Starting with the 1999 session, the Oklahoma House of Representatives has imposed
on itself a rule limiting the number of House bills and joint resolutions that can
be introduced by members. Rule 8, Section 2(b) limits to eight the number of House
bills or joint resolutions that members may introduce as principal author in any
session (including special sessions). Exceptions are made for measures containing
appropriations matters filed by the chair of the House Appropriations and Budget
Committee, duplicate section bills, sunset measures, reapportionment bills, measures
disapproving or approving agency rules, and measures authorized by the Speaker.
The implementation of this rule will require House members to more closely manage
their bill requests so that they do not find themselves unable to introduce what
they consider the most important measures that they have requested.
Each bill contains the names of its legislative sponsors and a title explaining
its provisions. The title always begins with the phrase “An Act relating to . .
. .” This is because Article V, Section 57 of the Oklahoma Constitution requires
that every act, with certain exceptions such as general appropriation bills, shall
embrace one subject. It is very important that the title is complete since the courts
may invalidate provisions not included in the title when it becomes law. The staff
is trained to write complete titles.
With the shortened sessions and tight legislative deadlines, the majority of the
House bills introduced in the House of Representatives are prefiled. Joint rules
establish the final day for requesting legislation for the joint deadlines for the
1999 and 2000 sessions are found on page 8.

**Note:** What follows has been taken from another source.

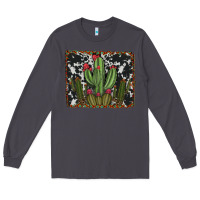 Smoke aztec cowhide cacti Long Sleeve Tee - RanaPortraitStore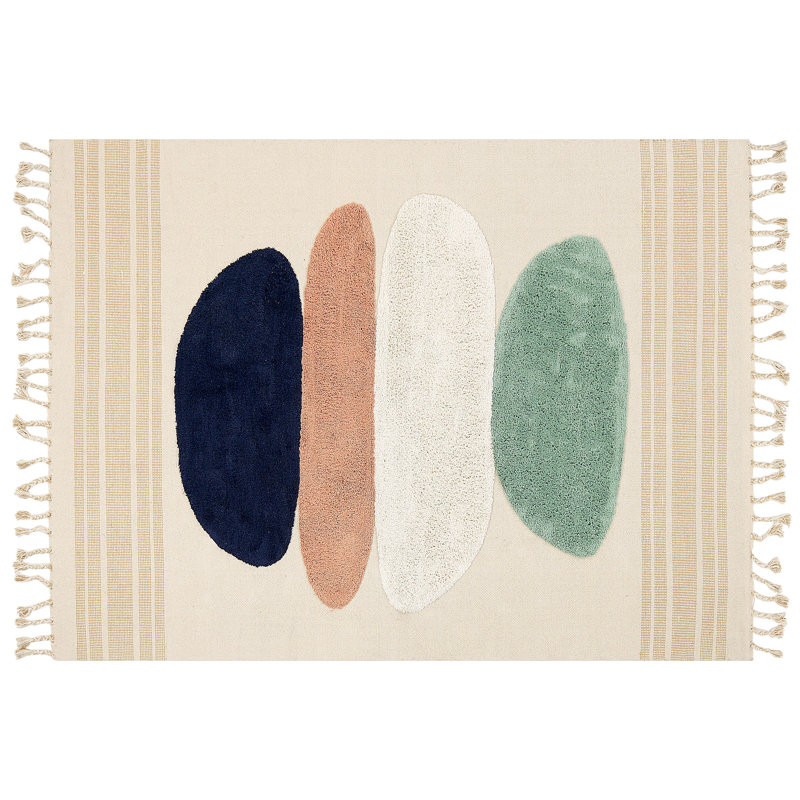 Trina Geometric Cotton Hand Woven Area Rug, Rectangle 200 x 300 cm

The early introduction of bills has enabled the House of Representatives to make
good use of the practice of “predesignating” bills. Rule 10, Section 13 of the House
rules gives the Speaker the authority to “designate the intended committee assignment”
of prefiled bills in the House of Representatives to committees. The committees
can then hold hearings and prepare to act on legislation in advance of the actual
referral of legislation that will occur when the Legislature reconvenes in February.
No formal actions on such legislation can occur until after the legislation has
been actually referred to a committee following Second Reading.
First reading is a perfunctory step, required by the Oklahoma Constitution, largely
for information. The bill will be “read” during the first floor session, excluding
the organizational session at the beginning of each new Legislature, after a measure
is filed by title only and published in the House Journal. The bill is not actually
read, but it is listed in the House Journal for the public to learn of its existence.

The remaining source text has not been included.